EXERCISE DATA Block Start

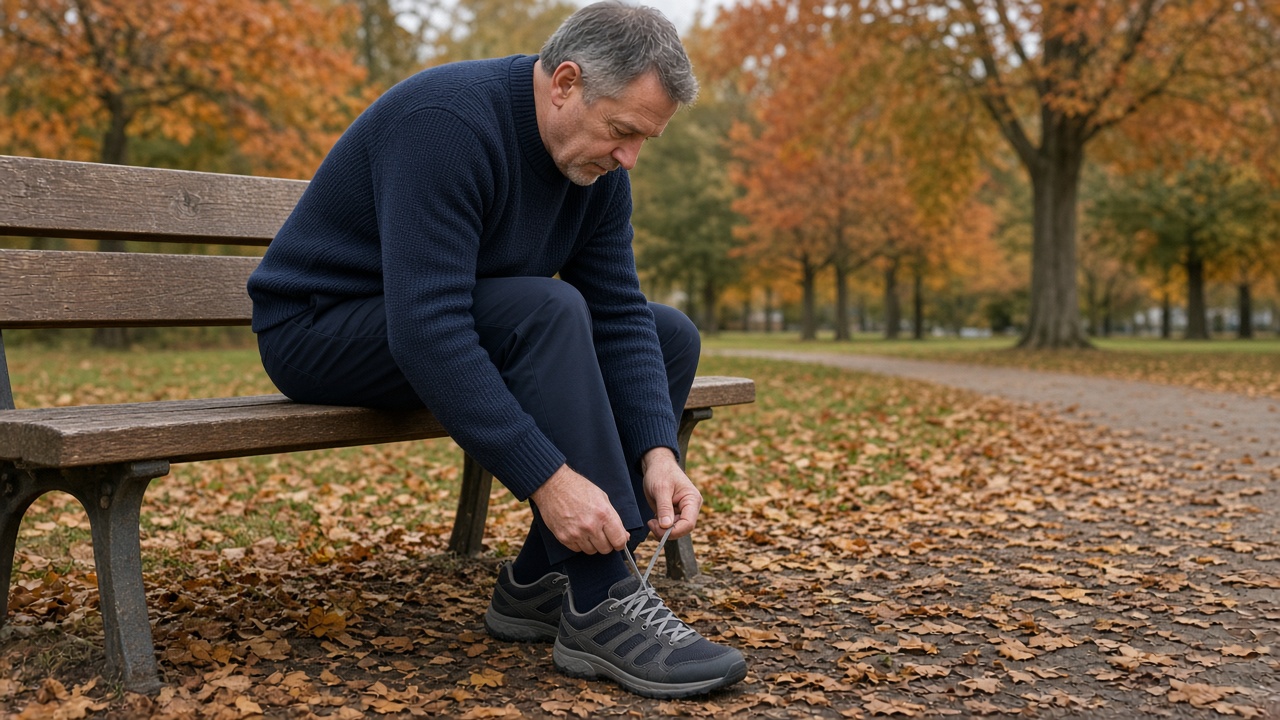 A person on a park bench tying walking shoes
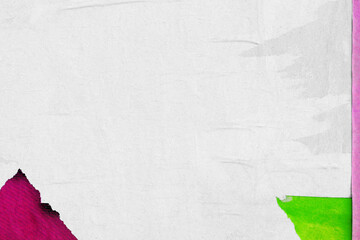 Old colorful ripped torn grunge fly posters backgrounds creased crumpled paper backdrop surface placard empty space for text
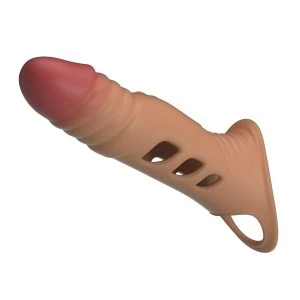 Pretty Love vibrating penis sleeve with ball strap, 16 cm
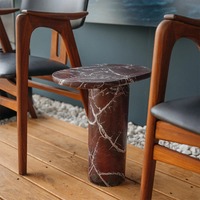 Table d'appoint élégante en marbre Rosso Lepanto, table basse ovale en pierre pour salon, table d'appoint de canapé sur mesure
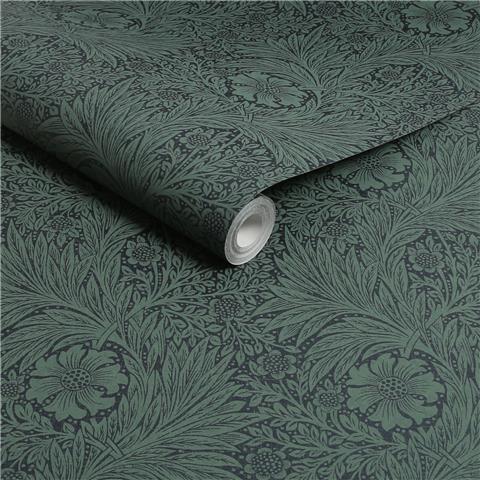William Morris at Home Wallpaper Marigold Fibrous 124255 Green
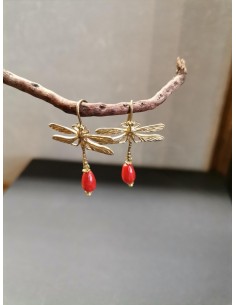 Earrings with dragonfly and red detail | PIOU PIOU - 1 2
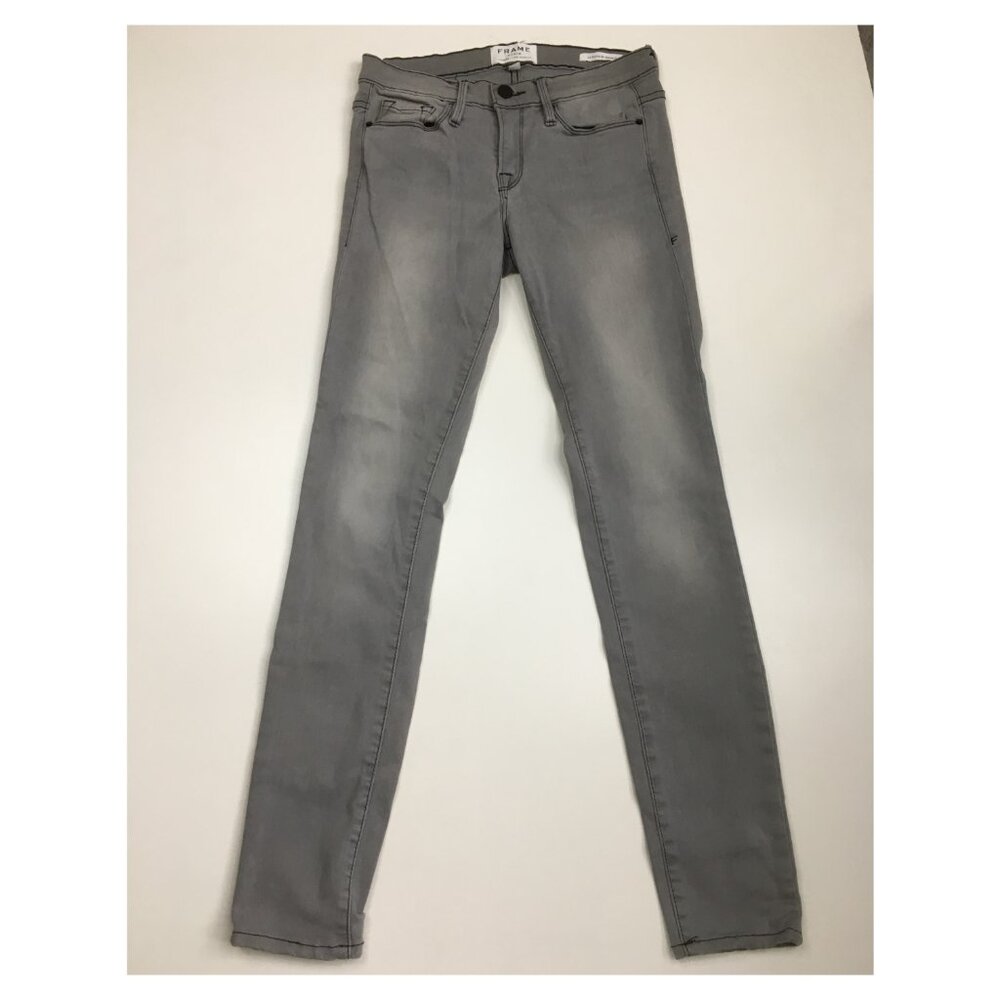 FRAME Denim Gray Westgate 5 Pocket Logo Hardware Le Skinny De Jeanne Crop Jeans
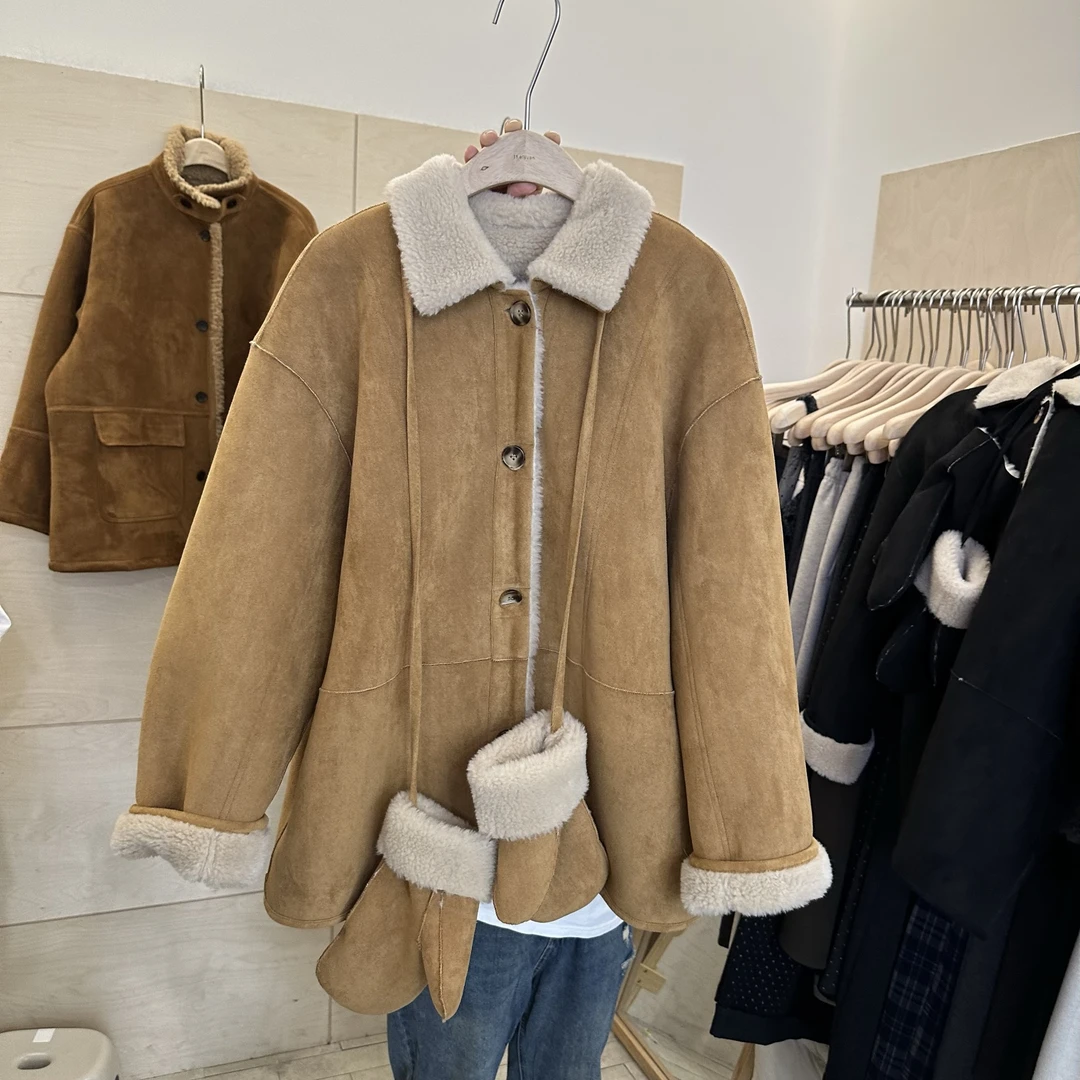 EQED(配手套)羊羔毛保暖两面穿翻领中长款拉贡皮毛一体毛毛外套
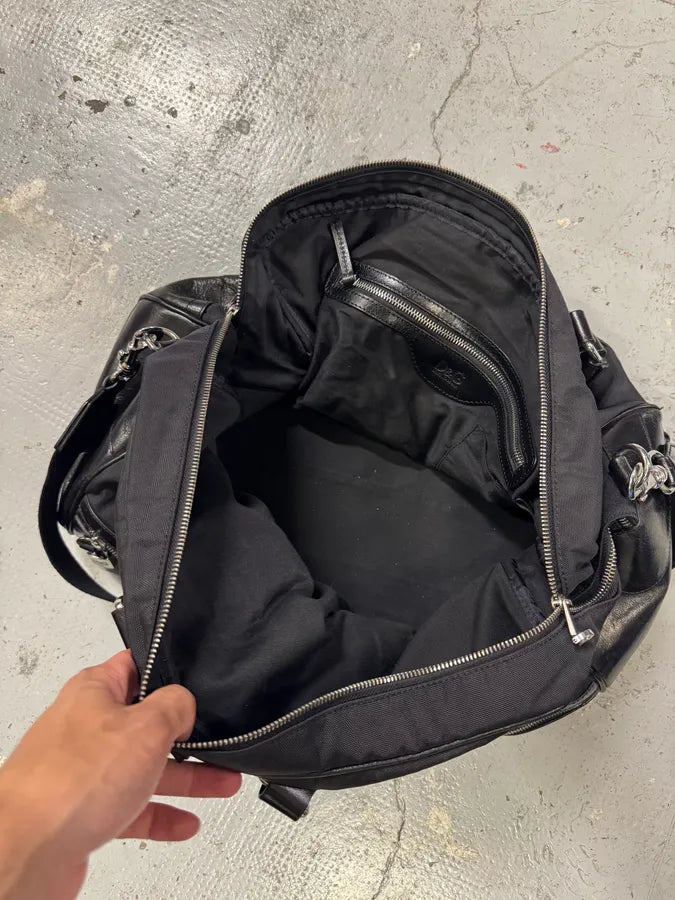 2000s Dolce & Gabbana Black Hybrid Leather Nylon Shoulder Bag WUuhYqU 7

EXERCISE DATA Block End

> BRIEF
Please output every entry exactly as written, apart from the pictures.

> EXERCISE OUTPUT
 A person on a park bench tying walking shoes
 Old colorful ripped torn grunge fly posters backgrounds creased crumpled paper backdrop surface placard empty space for text
 Pretty Love vibrating penis sleeve with ball strap, 16 cm
 Table d'appoint élégante en marbre Rosso Lepanto, table basse ovale en pierre pour salon, table d'appoint de canapé sur mesure
William Morris at Home Wallpaper Marigold Fibrous 124255 Green
 Earrings with dragonfly and red detail | PIOU PIOU - 1 2
 FRAME Denim Gray Westgate 5 Pocket Logo Hardware Le Skinny De Jeanne Crop Jeans
 EQED(配手套)羊羔毛保暖两面穿翻领中长款拉贡皮毛一体毛毛外套
 2000s Dolce & Gabbana Black Hybrid Leather Nylon Shoulder Bag WUuhYqU 7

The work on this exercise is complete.